* AVAILABLE DATA *
· · · · ·

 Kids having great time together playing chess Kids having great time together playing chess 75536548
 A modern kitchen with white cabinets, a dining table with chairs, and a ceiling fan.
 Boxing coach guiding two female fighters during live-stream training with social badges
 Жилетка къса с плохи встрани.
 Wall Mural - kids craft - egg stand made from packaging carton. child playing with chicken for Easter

· · · · ·

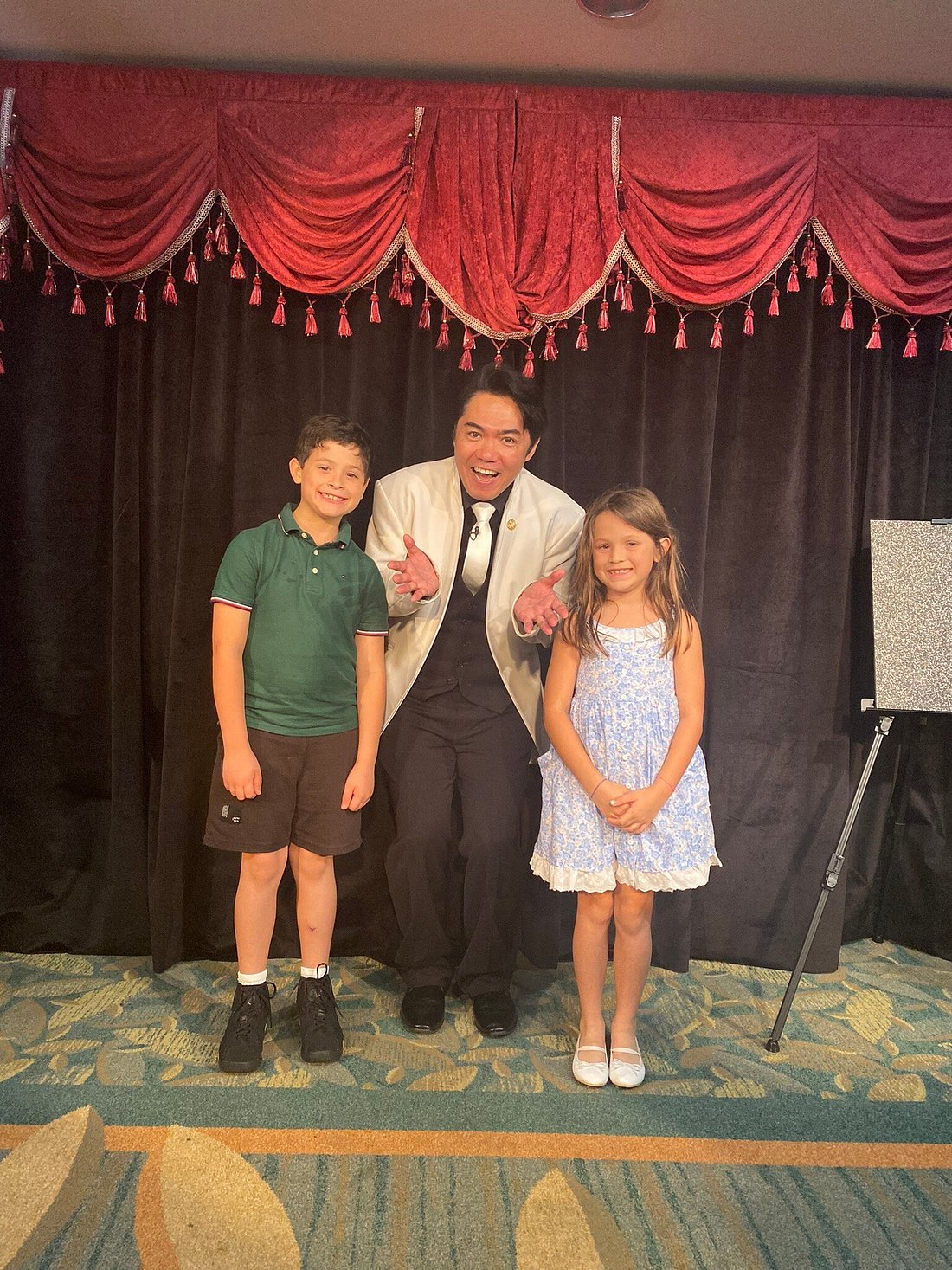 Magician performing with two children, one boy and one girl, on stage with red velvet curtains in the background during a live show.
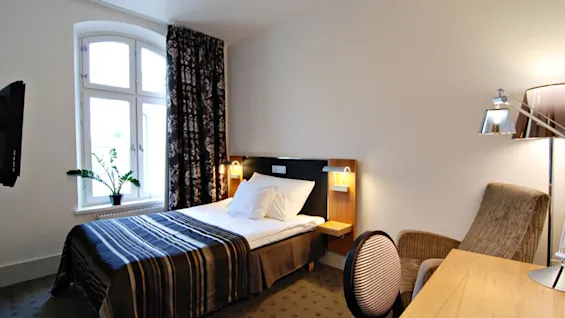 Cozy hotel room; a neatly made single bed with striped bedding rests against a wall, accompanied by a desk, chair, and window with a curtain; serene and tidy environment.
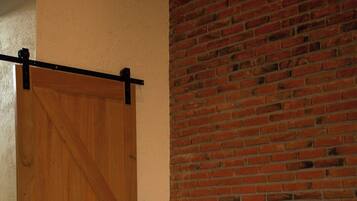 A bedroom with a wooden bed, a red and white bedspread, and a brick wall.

· · · · ·

Look above for the line with "Kids having great time together playing chess Kids" and the line with "Жилетка къса с плохи встрани."; transcribe both and all lines in between, exactly, and nothing else.

* RESPONSE BOX *
 Kids having great time together playing chess Kids having great time together playing chess 75536548
 A modern kitchen with white cabinets, a dining table with chairs, and a ceiling fan.
 Boxing coach guiding two female fighters during live-stream training with social badges
 Жилетка къса с плохи встрани.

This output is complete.